── Records provided
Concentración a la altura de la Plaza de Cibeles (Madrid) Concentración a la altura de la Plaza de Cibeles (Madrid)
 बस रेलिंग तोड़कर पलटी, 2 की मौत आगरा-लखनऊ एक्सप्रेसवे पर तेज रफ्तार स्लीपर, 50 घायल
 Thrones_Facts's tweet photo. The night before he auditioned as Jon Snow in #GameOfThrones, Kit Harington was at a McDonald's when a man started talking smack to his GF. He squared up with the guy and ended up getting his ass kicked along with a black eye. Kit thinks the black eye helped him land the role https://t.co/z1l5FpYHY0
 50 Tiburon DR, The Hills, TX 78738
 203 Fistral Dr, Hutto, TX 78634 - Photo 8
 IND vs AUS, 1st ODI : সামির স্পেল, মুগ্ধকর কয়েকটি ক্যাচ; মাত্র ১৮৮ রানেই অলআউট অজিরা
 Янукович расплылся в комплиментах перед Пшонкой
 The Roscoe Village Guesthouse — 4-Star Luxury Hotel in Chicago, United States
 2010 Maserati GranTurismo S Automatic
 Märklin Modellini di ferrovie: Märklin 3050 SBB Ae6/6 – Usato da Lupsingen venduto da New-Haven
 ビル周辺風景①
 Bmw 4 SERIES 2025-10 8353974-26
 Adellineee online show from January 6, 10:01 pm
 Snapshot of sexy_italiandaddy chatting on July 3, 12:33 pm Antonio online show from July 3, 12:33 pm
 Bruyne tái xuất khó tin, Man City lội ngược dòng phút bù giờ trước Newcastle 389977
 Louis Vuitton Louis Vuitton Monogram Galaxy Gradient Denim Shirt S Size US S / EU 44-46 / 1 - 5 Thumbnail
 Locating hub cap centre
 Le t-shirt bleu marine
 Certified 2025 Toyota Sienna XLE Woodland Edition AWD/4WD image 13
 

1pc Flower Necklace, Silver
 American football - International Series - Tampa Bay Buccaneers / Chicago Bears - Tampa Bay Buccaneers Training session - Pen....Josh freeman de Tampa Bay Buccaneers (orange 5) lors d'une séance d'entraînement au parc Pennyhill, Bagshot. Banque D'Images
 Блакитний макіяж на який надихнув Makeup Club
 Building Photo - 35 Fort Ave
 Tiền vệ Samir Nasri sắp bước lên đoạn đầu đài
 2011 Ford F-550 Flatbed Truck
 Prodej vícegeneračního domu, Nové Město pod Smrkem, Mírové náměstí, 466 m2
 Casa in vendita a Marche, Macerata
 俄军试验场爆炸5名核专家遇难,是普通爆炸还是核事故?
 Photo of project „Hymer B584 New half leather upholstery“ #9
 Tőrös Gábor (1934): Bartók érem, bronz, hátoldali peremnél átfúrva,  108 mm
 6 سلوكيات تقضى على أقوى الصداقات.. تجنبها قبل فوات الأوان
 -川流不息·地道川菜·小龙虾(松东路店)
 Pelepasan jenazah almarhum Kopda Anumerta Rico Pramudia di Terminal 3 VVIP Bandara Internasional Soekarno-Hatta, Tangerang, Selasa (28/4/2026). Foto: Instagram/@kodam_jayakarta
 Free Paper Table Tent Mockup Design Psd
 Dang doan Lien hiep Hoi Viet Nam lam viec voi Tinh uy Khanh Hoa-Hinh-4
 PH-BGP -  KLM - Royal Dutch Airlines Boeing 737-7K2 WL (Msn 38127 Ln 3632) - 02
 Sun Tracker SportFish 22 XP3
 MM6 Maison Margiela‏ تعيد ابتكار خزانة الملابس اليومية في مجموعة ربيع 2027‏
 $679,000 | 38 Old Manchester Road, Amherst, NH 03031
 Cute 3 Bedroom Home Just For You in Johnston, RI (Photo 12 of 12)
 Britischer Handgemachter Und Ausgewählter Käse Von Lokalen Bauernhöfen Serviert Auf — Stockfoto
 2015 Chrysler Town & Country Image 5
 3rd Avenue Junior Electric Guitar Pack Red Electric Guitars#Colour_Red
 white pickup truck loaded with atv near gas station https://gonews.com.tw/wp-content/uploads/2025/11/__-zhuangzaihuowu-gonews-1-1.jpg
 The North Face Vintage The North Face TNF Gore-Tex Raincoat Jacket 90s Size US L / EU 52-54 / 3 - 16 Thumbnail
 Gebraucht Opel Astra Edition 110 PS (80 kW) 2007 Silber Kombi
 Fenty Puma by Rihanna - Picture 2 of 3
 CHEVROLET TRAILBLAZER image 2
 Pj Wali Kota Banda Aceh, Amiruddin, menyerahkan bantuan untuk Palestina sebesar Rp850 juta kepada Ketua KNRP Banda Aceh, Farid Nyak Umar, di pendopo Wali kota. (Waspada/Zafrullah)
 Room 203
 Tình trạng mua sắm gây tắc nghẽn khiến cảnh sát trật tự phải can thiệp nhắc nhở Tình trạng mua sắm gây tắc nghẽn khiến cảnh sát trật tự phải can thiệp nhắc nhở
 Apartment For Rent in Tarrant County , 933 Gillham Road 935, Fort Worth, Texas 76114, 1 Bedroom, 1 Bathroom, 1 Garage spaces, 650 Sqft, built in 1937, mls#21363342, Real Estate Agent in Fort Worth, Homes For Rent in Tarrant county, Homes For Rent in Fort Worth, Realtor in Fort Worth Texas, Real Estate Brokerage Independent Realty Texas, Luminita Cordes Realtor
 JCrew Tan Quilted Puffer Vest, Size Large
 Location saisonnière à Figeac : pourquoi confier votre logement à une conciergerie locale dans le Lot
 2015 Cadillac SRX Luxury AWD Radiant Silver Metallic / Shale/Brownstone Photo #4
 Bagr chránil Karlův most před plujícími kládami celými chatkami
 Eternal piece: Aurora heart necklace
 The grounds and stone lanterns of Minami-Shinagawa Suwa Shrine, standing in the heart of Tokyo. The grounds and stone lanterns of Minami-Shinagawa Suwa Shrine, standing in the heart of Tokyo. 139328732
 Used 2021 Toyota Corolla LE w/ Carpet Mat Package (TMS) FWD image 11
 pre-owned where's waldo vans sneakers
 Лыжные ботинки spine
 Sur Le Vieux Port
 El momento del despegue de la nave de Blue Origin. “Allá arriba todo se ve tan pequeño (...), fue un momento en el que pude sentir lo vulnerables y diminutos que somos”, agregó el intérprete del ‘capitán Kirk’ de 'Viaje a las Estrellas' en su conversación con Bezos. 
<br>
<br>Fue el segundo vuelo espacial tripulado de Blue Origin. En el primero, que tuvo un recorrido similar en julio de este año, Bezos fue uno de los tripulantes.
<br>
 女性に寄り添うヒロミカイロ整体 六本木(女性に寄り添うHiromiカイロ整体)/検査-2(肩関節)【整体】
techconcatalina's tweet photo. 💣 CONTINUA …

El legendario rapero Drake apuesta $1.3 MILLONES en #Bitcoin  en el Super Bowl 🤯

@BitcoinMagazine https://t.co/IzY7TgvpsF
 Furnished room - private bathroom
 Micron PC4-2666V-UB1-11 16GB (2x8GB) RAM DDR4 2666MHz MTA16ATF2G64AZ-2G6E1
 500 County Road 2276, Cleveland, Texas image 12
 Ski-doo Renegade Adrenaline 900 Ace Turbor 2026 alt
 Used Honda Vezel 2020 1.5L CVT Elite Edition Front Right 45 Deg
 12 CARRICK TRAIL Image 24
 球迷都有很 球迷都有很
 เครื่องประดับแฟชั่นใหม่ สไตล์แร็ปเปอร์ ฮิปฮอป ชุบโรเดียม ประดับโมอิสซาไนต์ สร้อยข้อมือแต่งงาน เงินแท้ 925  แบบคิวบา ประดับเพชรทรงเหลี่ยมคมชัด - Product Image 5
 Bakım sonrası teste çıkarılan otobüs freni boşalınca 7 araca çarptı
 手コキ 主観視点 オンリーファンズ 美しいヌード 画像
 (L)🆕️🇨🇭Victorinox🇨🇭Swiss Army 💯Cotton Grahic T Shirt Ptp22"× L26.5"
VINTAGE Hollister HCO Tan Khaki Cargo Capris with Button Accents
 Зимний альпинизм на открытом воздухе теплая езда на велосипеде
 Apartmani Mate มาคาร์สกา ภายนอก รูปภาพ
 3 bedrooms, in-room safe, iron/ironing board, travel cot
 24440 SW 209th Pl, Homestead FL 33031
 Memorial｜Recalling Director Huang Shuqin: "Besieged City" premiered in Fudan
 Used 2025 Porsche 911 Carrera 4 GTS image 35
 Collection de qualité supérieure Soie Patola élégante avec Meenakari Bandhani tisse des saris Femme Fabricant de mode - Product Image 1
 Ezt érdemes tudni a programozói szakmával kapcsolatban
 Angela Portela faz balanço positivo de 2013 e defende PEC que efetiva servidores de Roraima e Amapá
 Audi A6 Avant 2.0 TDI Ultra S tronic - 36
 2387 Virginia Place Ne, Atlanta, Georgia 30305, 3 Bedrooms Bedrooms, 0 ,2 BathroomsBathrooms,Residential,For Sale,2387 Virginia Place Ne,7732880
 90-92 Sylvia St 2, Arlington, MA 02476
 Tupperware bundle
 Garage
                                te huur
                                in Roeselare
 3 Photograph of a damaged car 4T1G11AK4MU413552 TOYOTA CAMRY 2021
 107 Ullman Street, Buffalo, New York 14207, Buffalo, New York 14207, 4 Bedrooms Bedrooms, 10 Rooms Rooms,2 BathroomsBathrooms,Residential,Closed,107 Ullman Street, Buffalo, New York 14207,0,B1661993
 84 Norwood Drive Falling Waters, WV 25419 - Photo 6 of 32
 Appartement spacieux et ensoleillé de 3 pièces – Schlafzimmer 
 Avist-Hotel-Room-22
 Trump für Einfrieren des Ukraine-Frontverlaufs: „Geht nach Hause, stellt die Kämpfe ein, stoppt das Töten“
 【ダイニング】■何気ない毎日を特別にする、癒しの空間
────
Problem details. The expected output is the exact run of lines from the start of the entries through the line with "Photo of project", inclusive.

Exercise response.
Concentración a la altura de la Plaza de Cibeles (Madrid) Concentración a la altura de la Plaza de Cibeles (Madrid)
 बस रेलिंग तोड़कर पलटी, 2 की मौत आगरा-लखनऊ एक्सप्रेसवे पर तेज रफ्तार स्लीपर, 50 घायल
 Thrones_Facts's tweet photo. The night before he auditioned as Jon Snow in #GameOfThrones, Kit Harington was at a McDonald's when a man started talking smack to his GF. He squared up with the guy and ended up getting his ass kicked along with a black eye. Kit thinks the black eye helped him land the role https://t.co/z1l5FpYHY0
 50 Tiburon DR, The Hills, TX 78738
 203 Fistral Dr, Hutto, TX 78634 - Photo 8
 IND vs AUS, 1st ODI : সামির স্পেল, মুগ্ধকর কয়েকটি ক্যাচ; মাত্র ১৮৮ রানেই অলআউট অজিরা
 Янукович расплылся в комплиментах перед Пшонкой
 The Roscoe Village Guesthouse — 4-Star Luxury Hotel in Chicago, United States
 2010 Maserati GranTurismo S Automatic
 Märklin Modellini di ferrovie: Märklin 3050 SBB Ae6/6 – Usato da Lupsingen venduto da New-Haven
 ビル周辺風景①
 Bmw 4 SERIES 2025-10 8353974-26
 Adellineee online show from January 6, 10:01 pm
 Snapshot of sexy_italiandaddy chatting on July 3, 12:33 pm Antonio online show from July 3, 12:33 pm
 Bruyne tái xuất khó tin, Man City lội ngược dòng phút bù giờ trước Newcastle 389977
 Louis Vuitton Louis Vuitton Monogram Galaxy Gradient Denim Shirt S Size US S / EU 44-46 / 1 - 5 Thumbnail
 Locating hub cap centre
 Le t-shirt bleu marine
 Certified 2025 Toyota Sienna XLE Woodland Edition AWD/4WD image 13
 

1pc Flower Necklace, Silver
 American football - International Series - Tampa Bay Buccaneers / Chicago Bears - Tampa Bay Buccaneers Training session - Pen....Josh freeman de Tampa Bay Buccaneers (orange 5) lors d'une séance d'entraînement au parc Pennyhill, Bagshot. Banque D'Images
 Блакитний макіяж на який надихнув Makeup Club
 Building Photo - 35 Fort Ave
 Tiền vệ Samir Nasri sắp bước lên đoạn đầu đài
 2011 Ford F-550 Flatbed Truck
 Prodej vícegeneračního domu, Nové Město pod Smrkem, Mírové náměstí, 466 m2
 Casa in vendita a Marche, Macerata
 俄军试验场爆炸5名核专家遇难,是普通爆炸还是核事故?
 Photo of project „Hymer B584 New half leather upholstery“ #9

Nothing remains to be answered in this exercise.